### The records
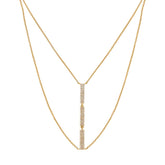 0.32ct 14k Yellow Gold Diamond Necklace
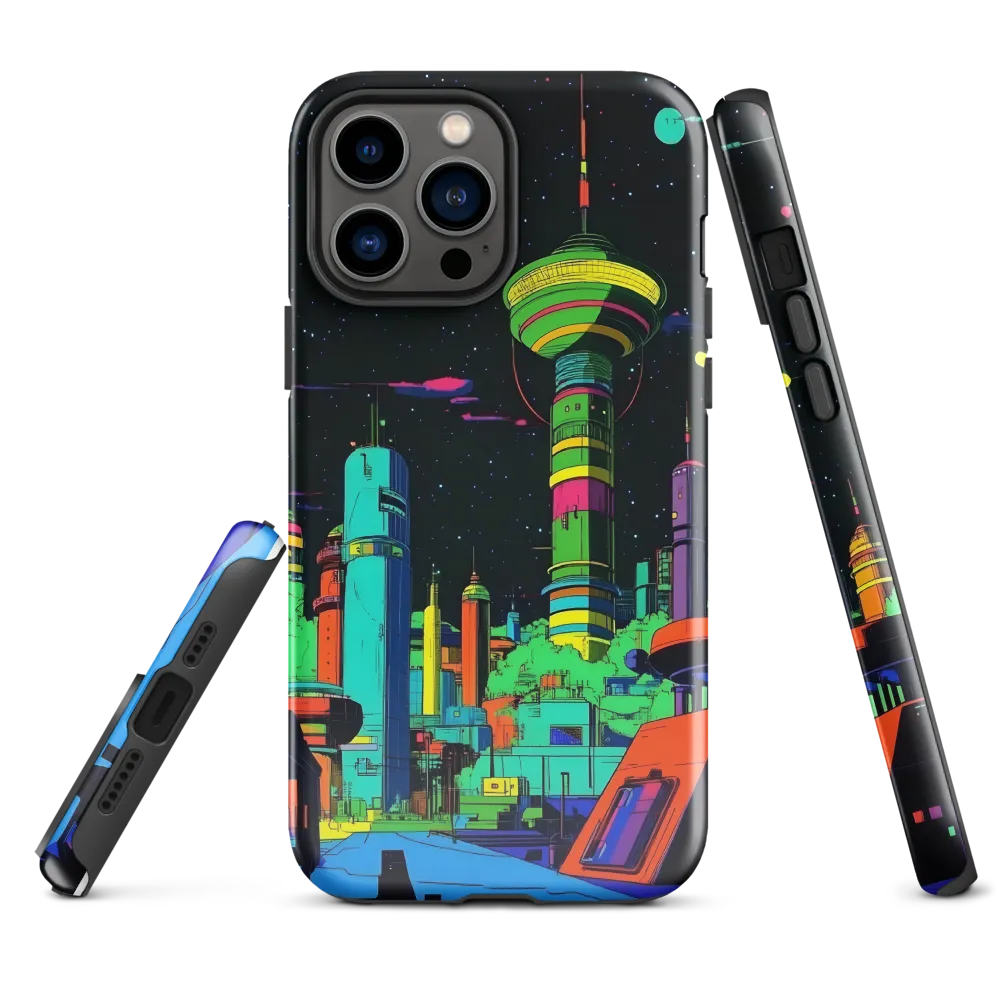 Neon Dreams: A Futuristic Cityscape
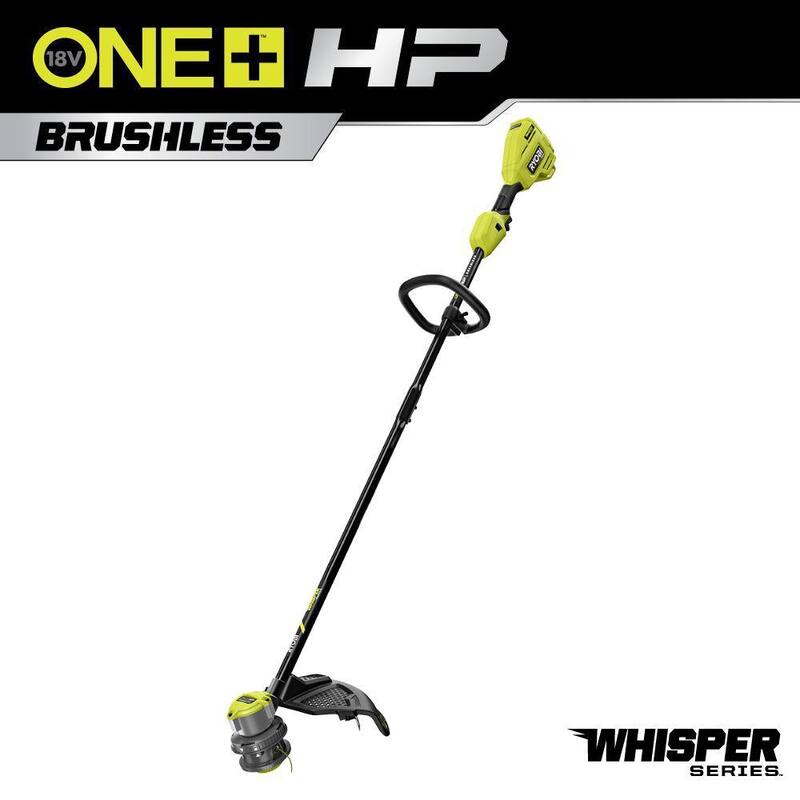 RYOBI ONE+ HP 18V Brushless Whisper Series 15 in. Cordless Battery String Trimmer (Tool Only) - P20019BTL
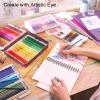 imagePremium Watercolor Pencils  Set of 72 Quality 35mm Soft Core Leads WaterSoluble Pencils Perfect for Beginner ampamp Advanced Artists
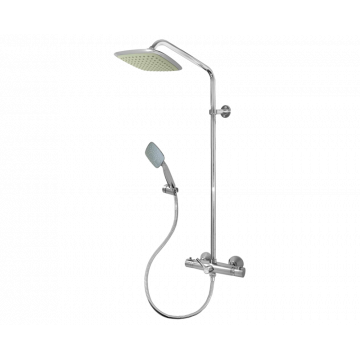 Душевая система Каскад с жесткой стойкой и ручным душем
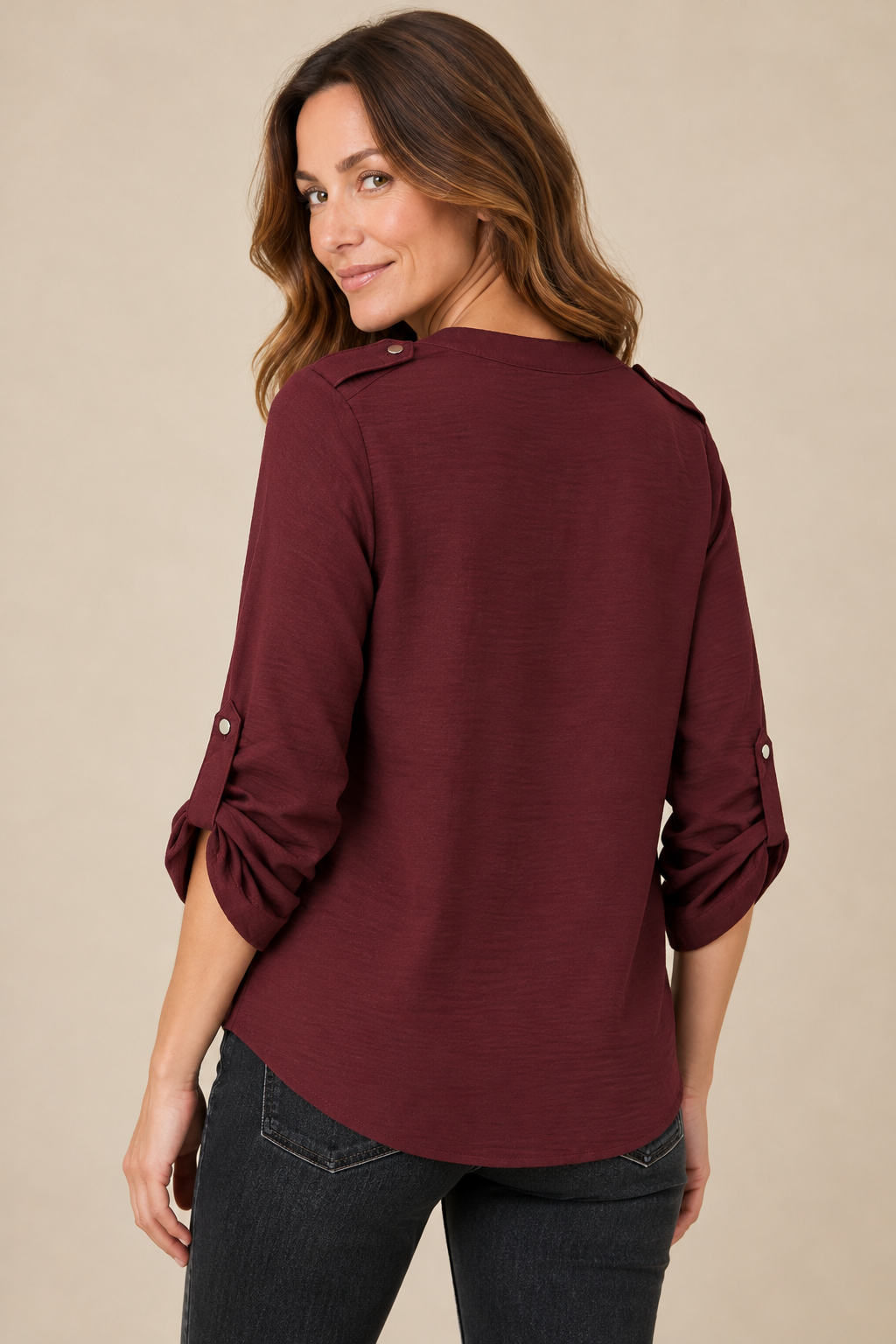 La blouse à manches ajustables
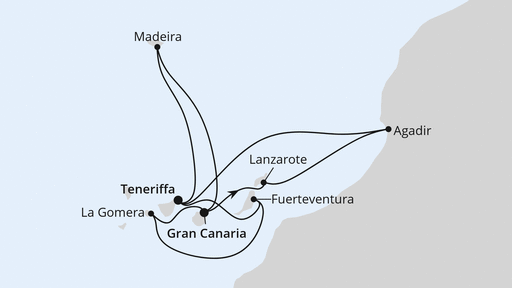 Kanaren, Madeira & Marokko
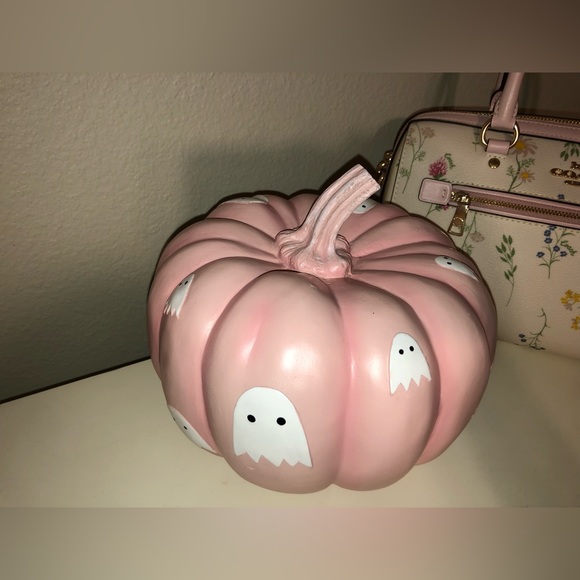 Pink Ghost Pumpkin - Picture 3 of 3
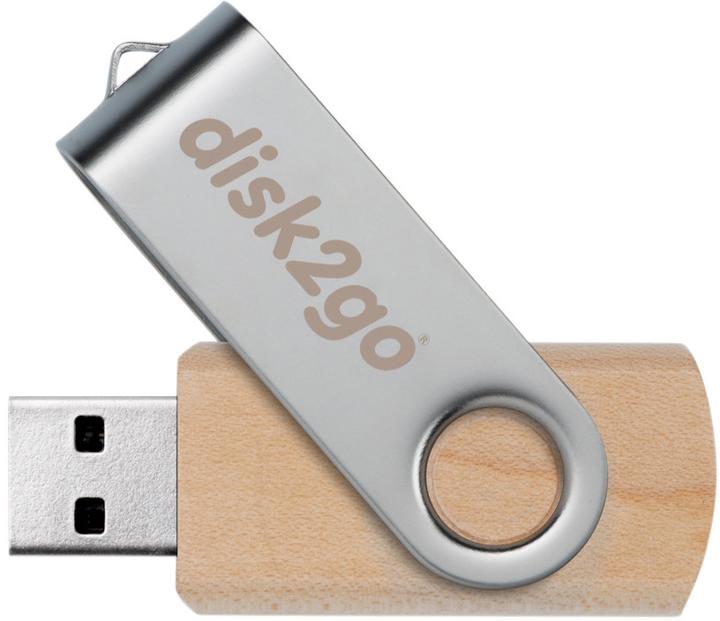 Image du produit Disk2go Bois (16 Go, USB-A)
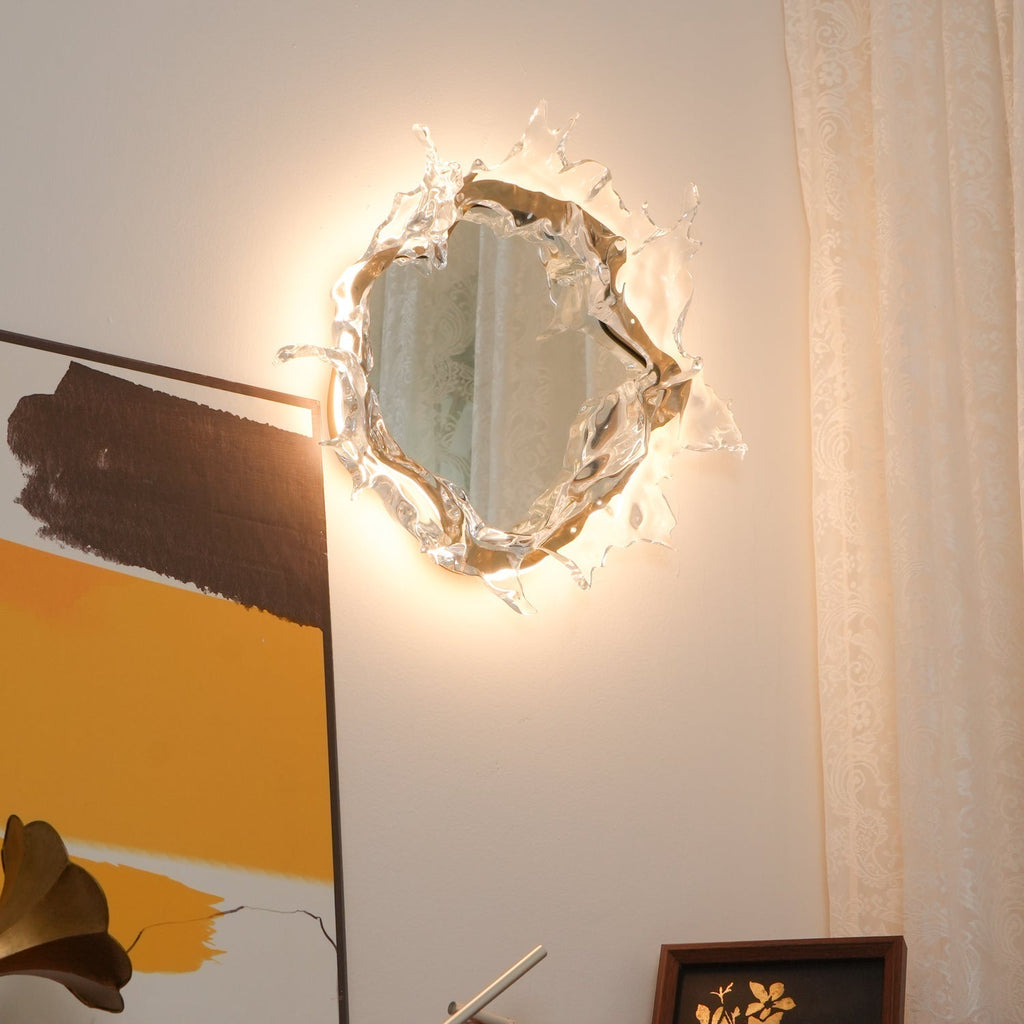 Finrena Mirror Wall Light-Moonnatur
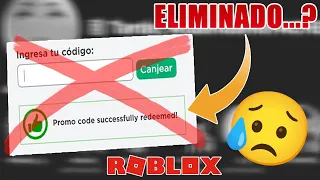 ROBLOX YA ELIMINÓ LOS PROMOCODES PARA SIEMPRE POR ESTO...?😐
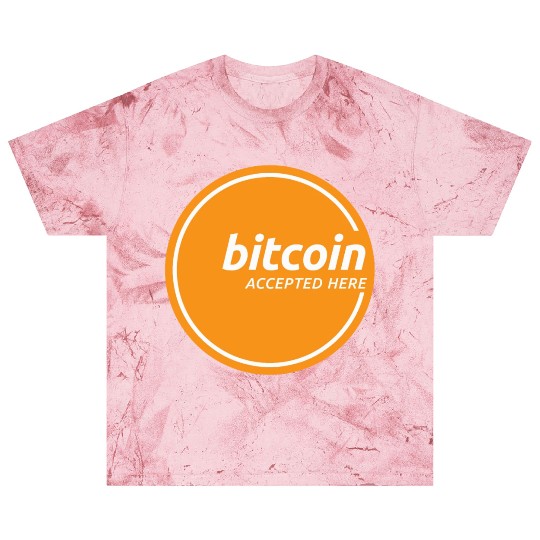 Bitcoin Accepted Here Promo Blast T Shirts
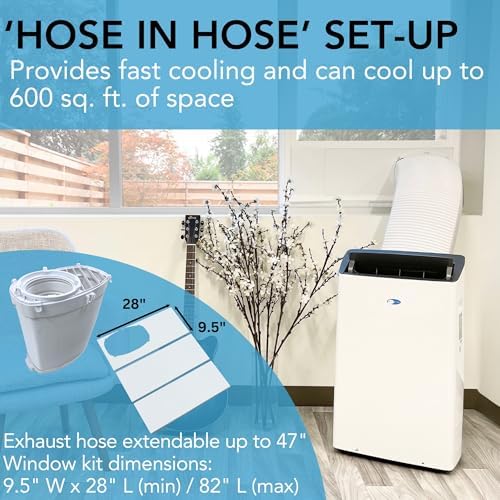 Whynter 14000 BTU Inverter Portable AC with Heater and Dehumidifier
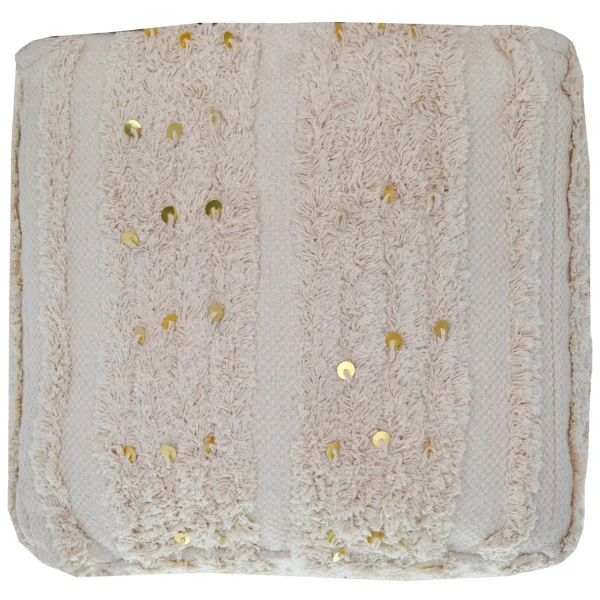 * Amala Sequin Tufted Pouf Premium Discount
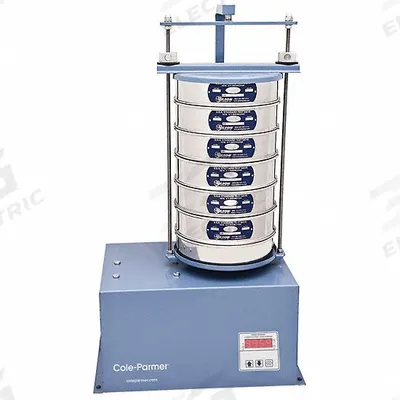 COLE-PARMER Mechanical Sieve Shaker: Orbital, 8 in Sieve Dia Accepted - Mechanical Sieve Shakers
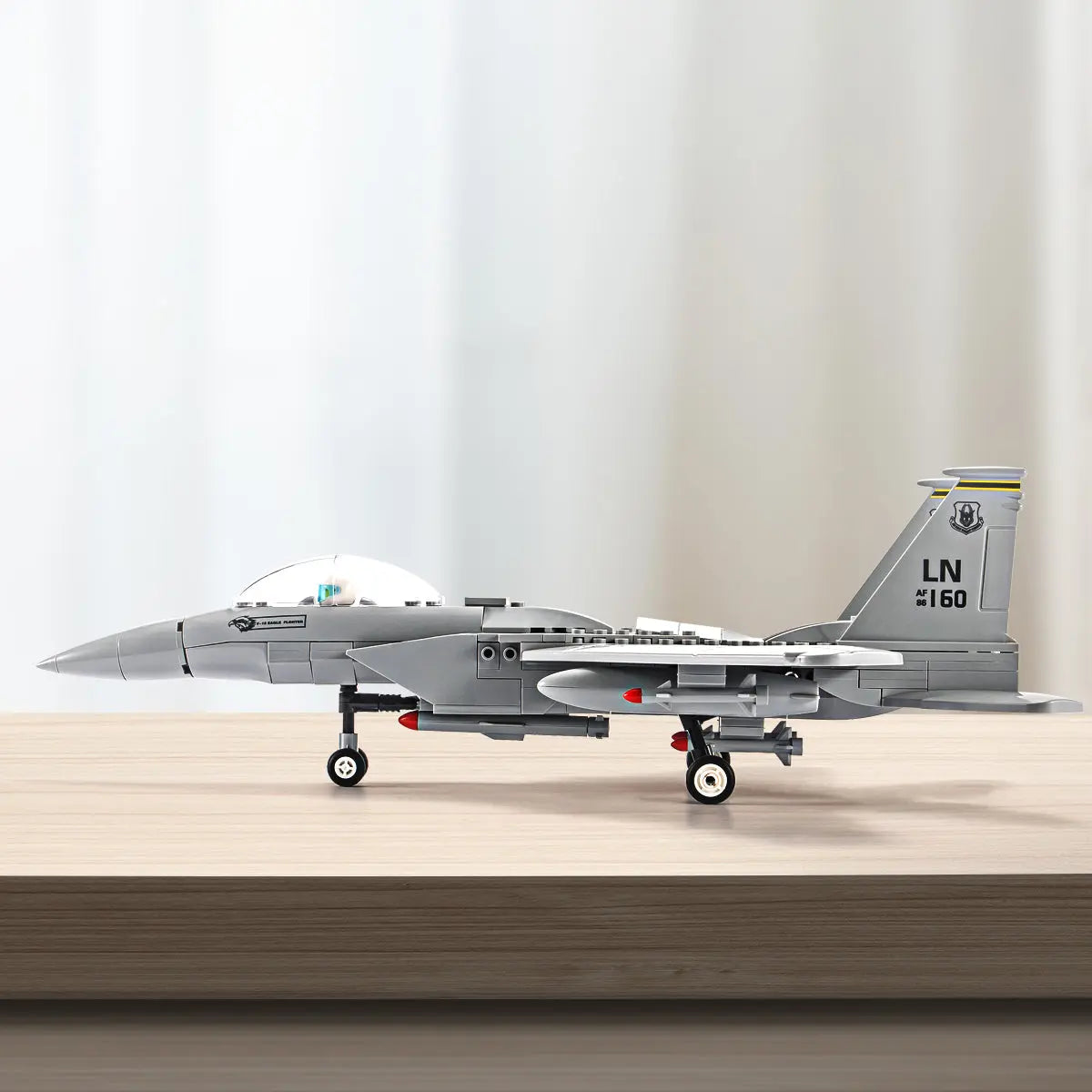 DAHONPA Military Series F-15 Eagle Fighter Jet Air Force Building Block Set with 262 Pieces DAHONPA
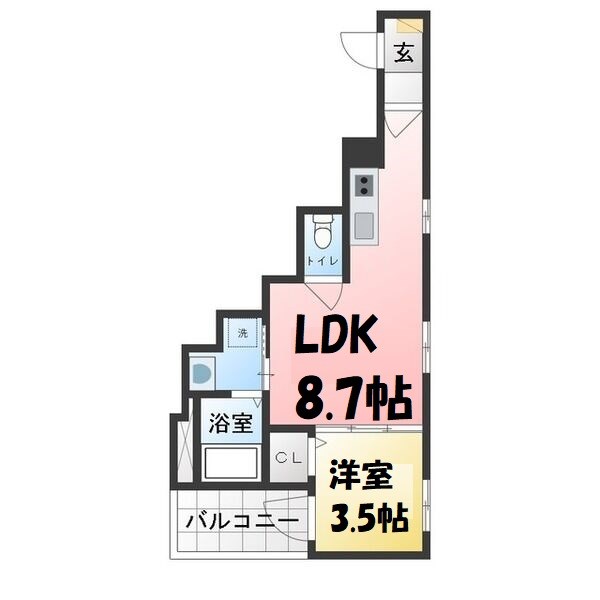 クラール川名 間取り図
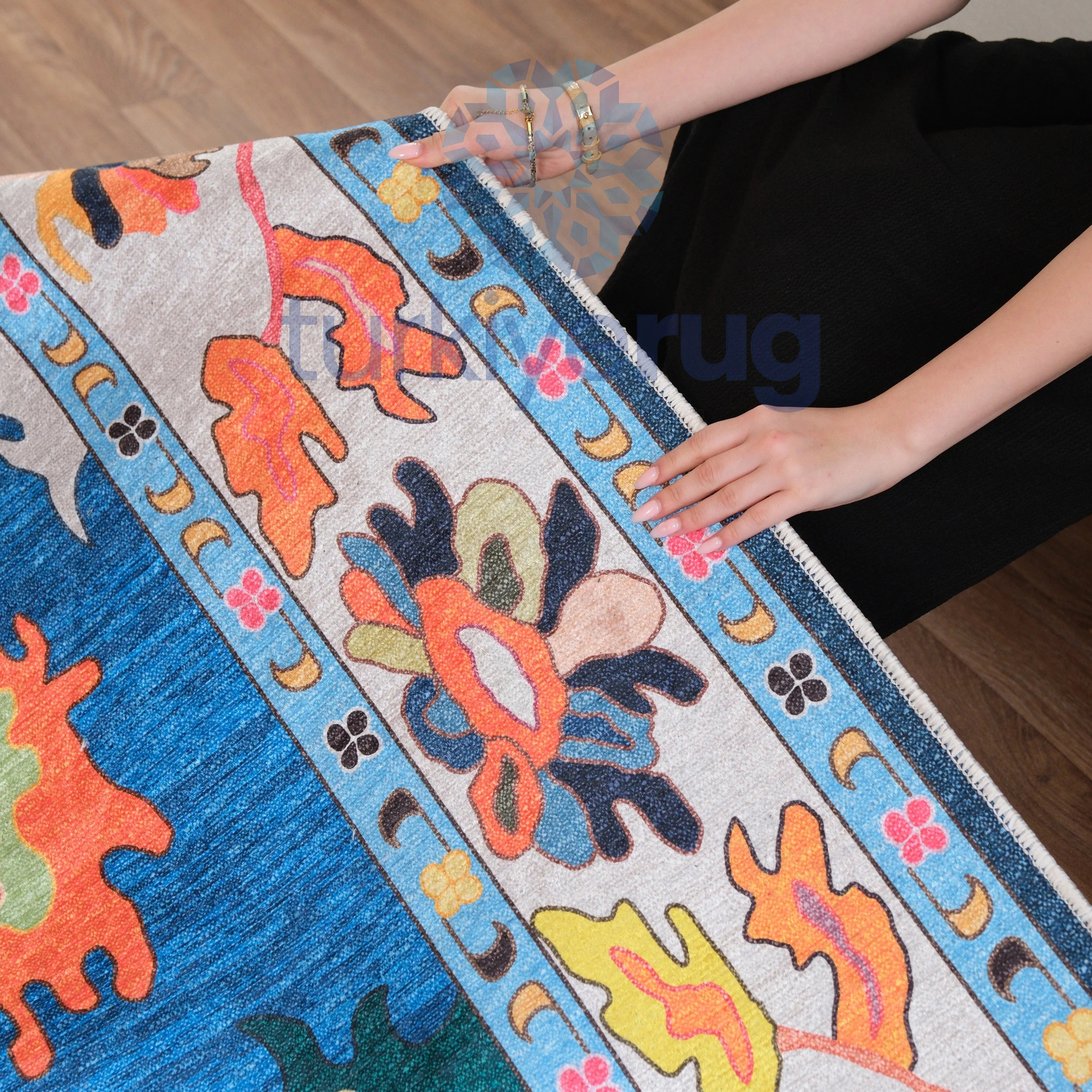 Colorful Oushak Rug - Aladdinrugs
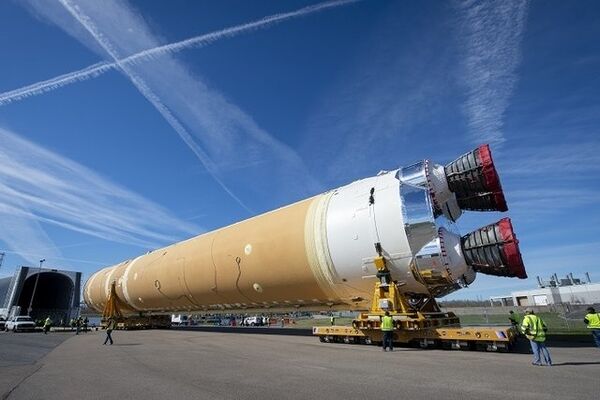 Boeing Rolls Out First Space Launch System Core Stage for Delivery to NASA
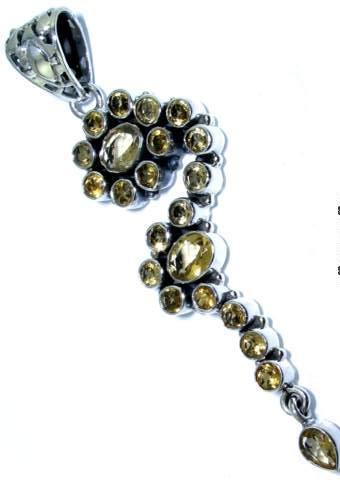 Citrine Gemstone Pendant Sterling Silver Gemstone Jewelry :  gemstones jewellery classictreasures classic treasures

### Problem to solve
Going by the entries above, repeat exactly the lines that start at the line with "Kanaren, Madeira & Marokko" and go on through the line with "Pouf Premium Discount". Pictures are not part of the copy.

### Solution to this exercise
 Kanaren, Madeira & Marokko
 Pink Ghost Pumpkin - Picture 3 of 3
 Image du produit Disk2go Bois (16 Go, USB-A)
 Finrena Mirror Wall Light-Moonnatur
 ROBLOX YA ELIMINÓ LOS PROMOCODES PARA SIEMPRE POR ESTO...?😐
 Bitcoin Accepted Here Promo Blast T Shirts
 Whynter 14000 BTU Inverter Portable AC with Heater and Dehumidifier
 * Amala Sequin Tufted Pouf Premium Discount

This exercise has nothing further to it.